When you first get started with a budget, try out multiple tracking approaches to find the option that suits your personality and lifestyle the best. Here are a few options to consider:
- You Need a Budget (YNAB): The app has lots of bells and whistles, but there’s a fee. YNAB is free for 34 days then $6.99/month (billed annually at $83.99/year).
- Mint: There’s no cost to use Mint. The app will sync with your bank and credit cards, helping you to automatically track income and expenses.
- Download free budget worksheets or spreadsheets, like this one from the Federal Trade Commission.
6. Get your partner on board
A couple that budgets together, stays together – or something like that.
In reality, a sound budget could be good for your relationship and household finances. A MagnifyMoney survey reveals that 21% of divorcées cited money as the cause of their divorce. For higher earners of $100,000 or more per year, that number jumps to 33%. (MagnifyMoney and ValuePenguin are both owned by LendingTree.)
While a budget isn’t a magic wand to solve all of your money problems, it doesn’t hurt to have one either.

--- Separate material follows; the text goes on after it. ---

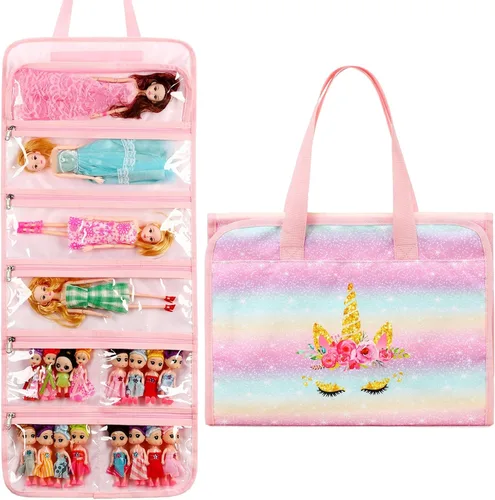 Vista 10 de Bolsa de Almacenamiento para Muñecas de Juguete, Estuche de Transporte Compatible con LOL Surprise Toys Dolls Omg, Organizador Colgante Bolsa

When you share your household finances and expenses with another person, the best way to set up a successful budget, is to do it together. Your budget may be hard pressed to succeed if you try to implement it without the support of your partner.
Evan Sutherland, co-founder of the BudgetingCouple.com, gives this advice: “Talk to your partner, not about spending less money, but rather about how you want to spend your money more strategically and efficiently. The only way to do this is with a budget.”
Putting your budget into action
Don’t take a “set it and forget it” attitude when it comes to your budget. Instead, take the time to give your budget at least a quick checkup each month (maybe even weekly when you’re starting out). Then, consider adding in a more intense evaluation of how you’re doing each quarter.
If you’re working with a spouse or partner, Financial Counselor Laura Coleman, Founder of Family Money Coaching in Cleveland, Tenn., recommends setting up something she calls “Money Dates.” During these dates, Coleman encourages her clients to “remember you’re in a partnership and your relationship is equal. Don’t judge if your spouse says he/she needs the money for buying presents and you think the money should be spent on dinners together.”
Things to look for during your budget checkup or money dates are areas where you’re exceeding the budgeted amount, additional expenses you could cut and how much progress you’ve made toward your big money goals.
Remember to celebrate your successes, even small ones, to keep yourself motivated.
Keeping the right mindset
When you’re not used to budgeting, you might be tempted to look at it as something negative that forces you to go without the things you want. Yet the opposite is true.
A successful budget helps you to map out your priorities and make sure that you have the money to turn those goals into reality. A sound budget could quite literally change your entire financial life for the better.